Programmatic access to open statistical data for population studies: The SDMX standard (by Frans Willekens)
Demographic Research ( IF 2.1 ) Pub Date : 2023-12-13
Frans Willekens

Background: The public sector publishes vast amounts of open data and metadata. APIs (application programming interfaces) are transforming the way data are collected, documented, and disseminated. The transformation is slow, however, due to differences in communication protocol, data definition, and data format. The development is of particular relevance to demography, being a data-intensive science. It paves the way to the automation of data acquisition and the integration of data acquisition and data analysis. Together with the parallel development of literate programming, which allows the integration of text and computer code in a single document, programmatic access to data makes workflows transparent, verifiable, and easy to replicate by others. The Statistical Data and Metadata Exchange (SDMX) standard, which has emerged as a popular option for data and metadata exchange, makes finding and retrieving data and metadata easy and swift. Query strings form URLs with a standardised syntax. Objective: The aim of this paper is to describe the SDMX standard and demonstrate its benefits to our profession by retrieving demographic data and the associated metadata from online databases disseminated by a variety of data providers. The software environment used is R. Contribution: This is the first review of the SDMX standard aimed at the study of population. The paper includes the R code to access databases and download data and metadata. The paper includes several hyperlinks to relevant documents issued by data providers, giving readers immediate access to the referenced material.
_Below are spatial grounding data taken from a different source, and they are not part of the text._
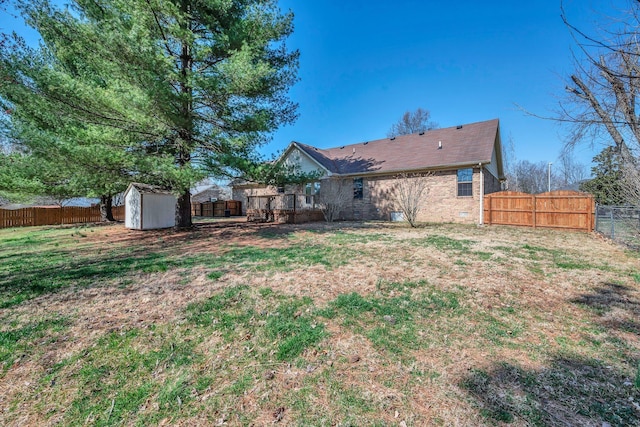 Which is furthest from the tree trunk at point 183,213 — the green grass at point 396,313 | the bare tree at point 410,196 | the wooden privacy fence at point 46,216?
the wooden privacy fence at point 46,216

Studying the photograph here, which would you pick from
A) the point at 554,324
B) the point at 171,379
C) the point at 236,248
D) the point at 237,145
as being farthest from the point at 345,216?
the point at 171,379

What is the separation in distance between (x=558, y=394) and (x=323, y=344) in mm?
2016

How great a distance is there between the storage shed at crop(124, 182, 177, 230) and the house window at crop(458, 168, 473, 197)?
15.2m

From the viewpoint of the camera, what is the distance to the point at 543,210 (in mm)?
12414

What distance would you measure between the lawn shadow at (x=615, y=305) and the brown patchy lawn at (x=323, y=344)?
0.09 feet

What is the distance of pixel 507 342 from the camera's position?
2945 mm

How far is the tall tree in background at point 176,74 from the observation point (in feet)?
26.4

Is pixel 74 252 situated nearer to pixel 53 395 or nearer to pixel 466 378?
pixel 53 395

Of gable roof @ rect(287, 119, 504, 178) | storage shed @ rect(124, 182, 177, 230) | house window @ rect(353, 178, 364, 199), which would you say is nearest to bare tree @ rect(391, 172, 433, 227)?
gable roof @ rect(287, 119, 504, 178)

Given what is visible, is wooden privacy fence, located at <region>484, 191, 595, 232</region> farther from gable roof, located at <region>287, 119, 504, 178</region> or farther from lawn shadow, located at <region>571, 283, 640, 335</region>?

以编程方式访问人口研究的开放统计数据:SDMX 标准(Frans Willekens)

背景:公共部门发布大量开放数据和元数据。API(应用程序编程接口)正在改变数据收集、记录和传播的方式。然而,由于通信协议、数据定义和数据格式的差异,转换速度很慢。这一发展与人口学尤其相关,因为人口学是一门数据密集型科学。它为数据采集的自动化以及数据采集和数据分析的集成铺平了道路。结合文学编程的并行开发(允许将文本和计算机代码集成在单个文档中),对数据的编程访问使工作流程透明、可验证且易于其他人复制。统计数据和元数据交换 (SDMX) 标准已成为数据和元数据交换的流行选项,使查找和检索数据和元数据变得简单快捷。查询字符串使用标准化语法形成 URL。目标:本文的目的是描述 SDMX 标准,并通过从各种数据提供商传播的在线数据库中检索人口统计数据和相关元数据来展示其对我们行业的好处。使用的软件环境是R。 贡献:这是针对人口研究的SDMX标准的第一次审查。该论文包括用于访问数据库以及下载数据和元数据的 R 代码。该论文包含多个由数据提供商发布的相关文件的超链接,使读者可以立即访问参考材料。